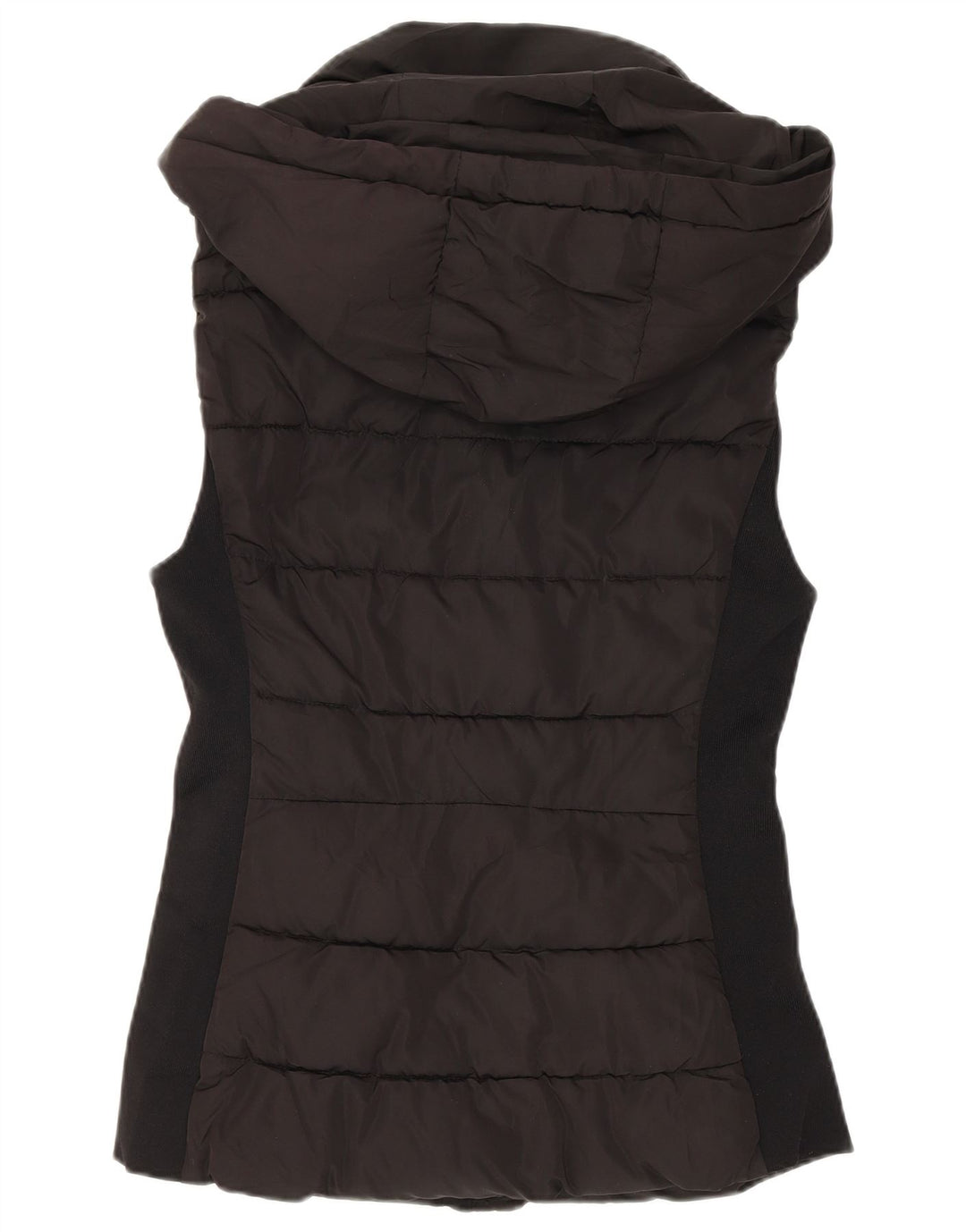Gilet căptușit cu glugă pentru femei Zara UK 10 Poliester negru mic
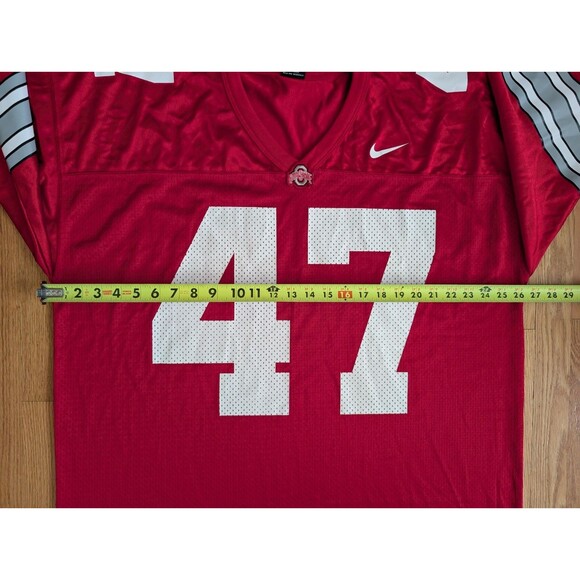 VTG Nike Ohio State Buckeyes Football Jersey Men’s #47 Red White XXL Aj Hawk NWT - Picture 10 of 11
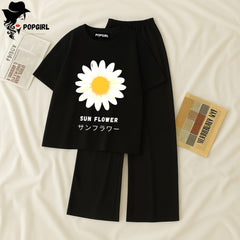 Women Summer Casual Two Piece Sets Printed T-Shirt And Straight Pants Outfits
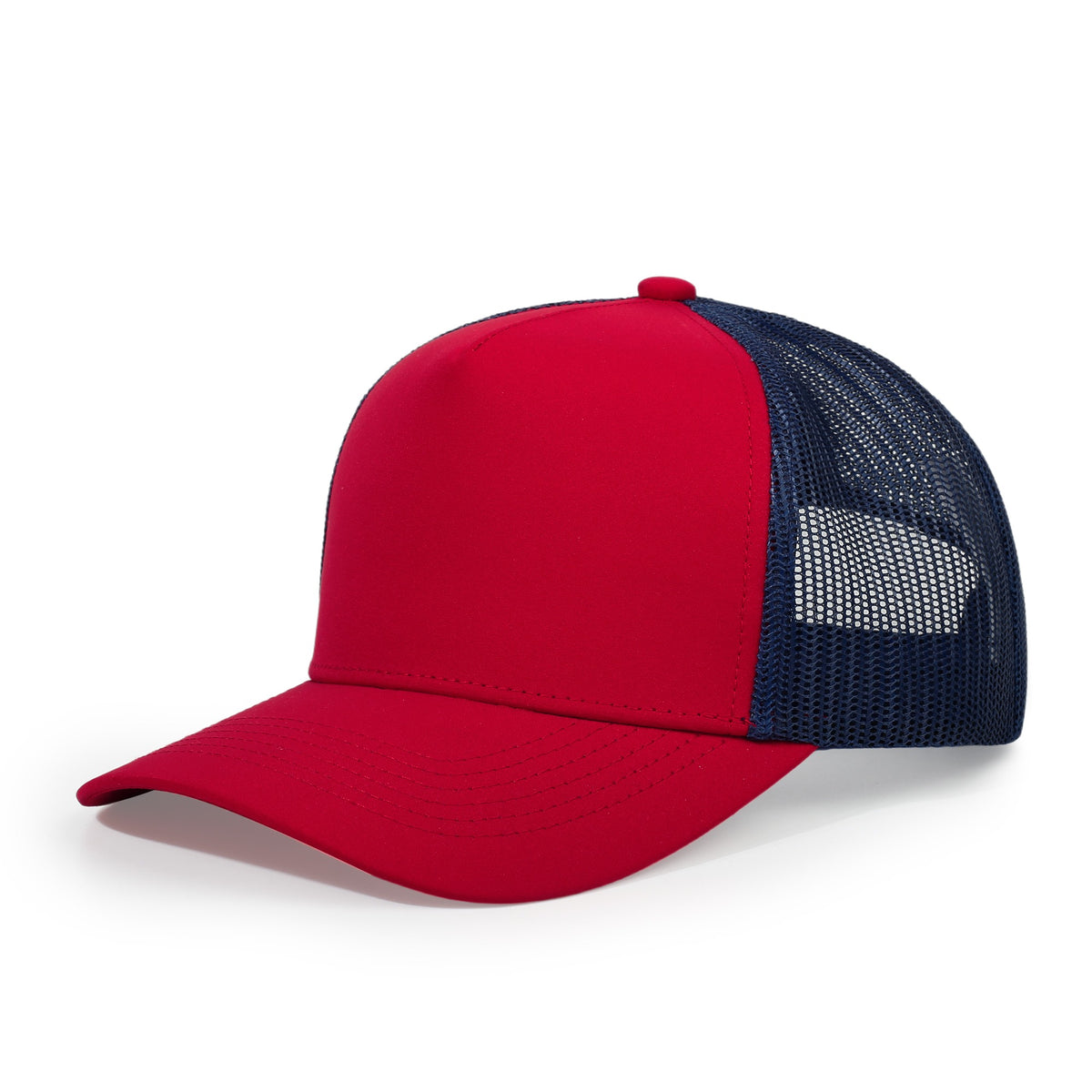 RAMO C003HY polyester trucker cap — Navy/Red front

Exercise requirements: Output the lines above in full and exactly as given, omitting any pictures.

Answer space:
Gilet căptușit cu glugă pentru femei Zara UK 10 Poliester negru mic
 VTG Nike Ohio State Buckeyes Football Jersey Men’s #47 Red White XXL Aj Hawk NWT - Picture 10 of 11
 Women Summer Casual Two Piece Sets Printed T-Shirt And Straight Pants Outfits
 RAMO C003HY polyester trucker cap — Navy/Red front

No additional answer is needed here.